You know, the guy who has suddenly recalled seeing thousands of Arab New Jerseyans cheering the
fall of the Twin Towers on 9/11.
There were people that were cheering on the other side of New Jersey where you have large Arab populations. They were
cheering as the World Trade Center came down. I know it might be not politically correct for you to talk about it, but there were people cheering as that building came down — as those buildings
came down, and that tells you something. It was well covered at the time."
Actually, it wasn’t covered at the time, because it didn’t happen.

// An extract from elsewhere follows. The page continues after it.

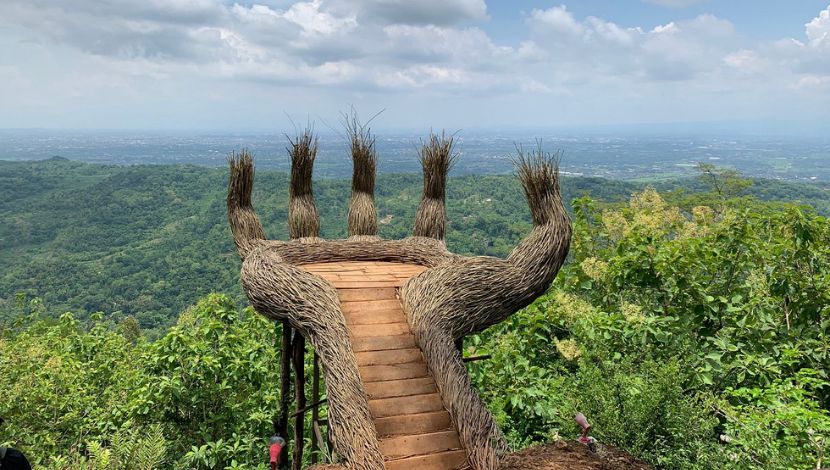 Wisata Alam Pinus Pengger (Photo TripAdvisor) 5W1HINDONESIA.ID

Did. Not. Happen. Which is hardly surprising, because Trump is a serial liar whose lies are often easily debunked based on things like verifiable facts. From his inflated net worth to Obama’s
birth certificate, really, take your pick:
“The last quarter, it was just announced, our gross domestic product [growth] … was below
zero. Who ever heard of this? It's never below zero." (Except for the other 42 times over the 272 quarters ever measured.)
"We have the highest tax rate anywhere in the world."

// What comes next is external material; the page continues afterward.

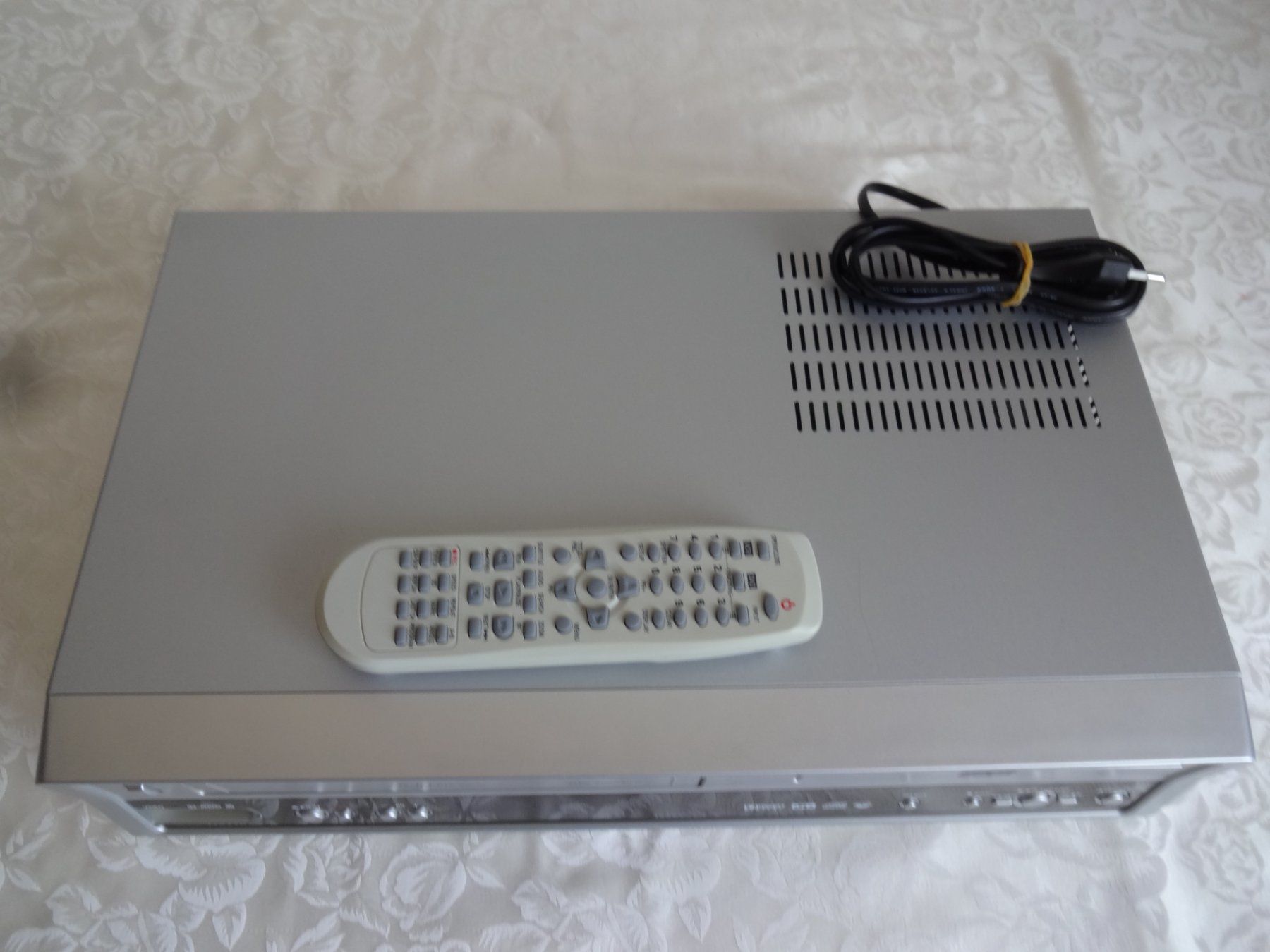 Enregistreurs: Tech Line  Mod. DVC 64;  VHS Recorder /DVD – D'occasion à Frauenfeld par rey06 3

(Not No. 1, but 103 out of 111, according to the World Bank in 2012)
Number of illegal immigrants in the U.S.: “30
million, it could be 34 million.” (11.3 million, down from a peak of 12.2 million in 2006)

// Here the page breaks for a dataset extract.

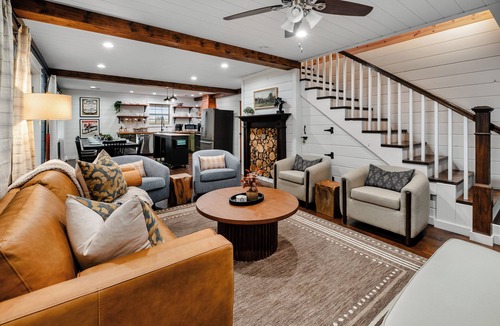 Chaplin House | Prather Ridge Estate · Bourbon Trail · 6BR · Pickleball · Hot Tub · Sauna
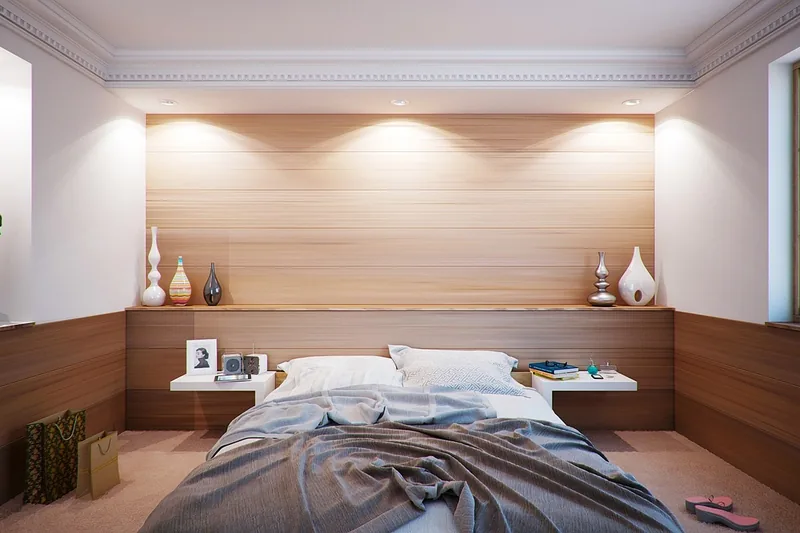 Entspannte und kühle Atmosphäre in einem modernen Schlafzimmer, symbolisiert den Nutzen der kleinen Elektronik.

The Trans-Pacific Partnership "was designed for China to come
in, as they always do, through the back door and totally take advantage of everyone." (The TPP, which excludes China, is designed to do the opposite.)
"The Mexican government ... they send the bad
ones over." (The Mexican government sends nobody over.)
But as the poll numbers and mass rallies more than demonstrate, truth is not the raw
material of fear marketing. The secret sauce is understanding what frightened people are prepared to believe. Then, a la Goering, you just repeat it again and again until it becomes their reality --
whether it’s chanting Jersey Muslims or the Protocols of the Elders of Zion or Obamacare “death panels.”
Some people call this the Big Lie. Some people call it
propaganda. Really, it’s just faith.
Ben Carson, a trained physician, is able to discard the fossil record and carbon dating to believe in recent Biblical
Creation. The GOP insists as an article of faith that regulating business on environmental practices or anything else kills jobs -- although there is essentially zero historical economic evidence to
support that.
(They also ignore all economic reality on the subject of deficit spending, which is very bad for households and very good for superpowers.) The Birthers are prepared to
believe a conspiracy so prescient as to plant a phony birth notice for infant Barack Obama in Honolulu newspapers in 1961.
None of this has anything to do with
rational thinking, nor even necessarily stupidity. It has to do with belief. Donald Trump has spent a career telling the public like it isn’t, and yet has a majority of likely Republican voters
crediting him for telling it like it is.
Is this any different from gilding faucets at kitschy resorts or selling crappy merchandise at Macy’s,
supposedly imbuing the goods with Trump success and “sophistication?” No.
Trump understands what people most want: validation for their unattainable hopes and darkest
fears. The gold faucets of his politics are simplistic explanations, tough talk, safety, security and someone to blame. Like all the other most cynical marketers, demagogues, evangelists and con
men, feeding us with the very lies we wish to tell ourselves.
Why are ye fearful, O yeof too much faith?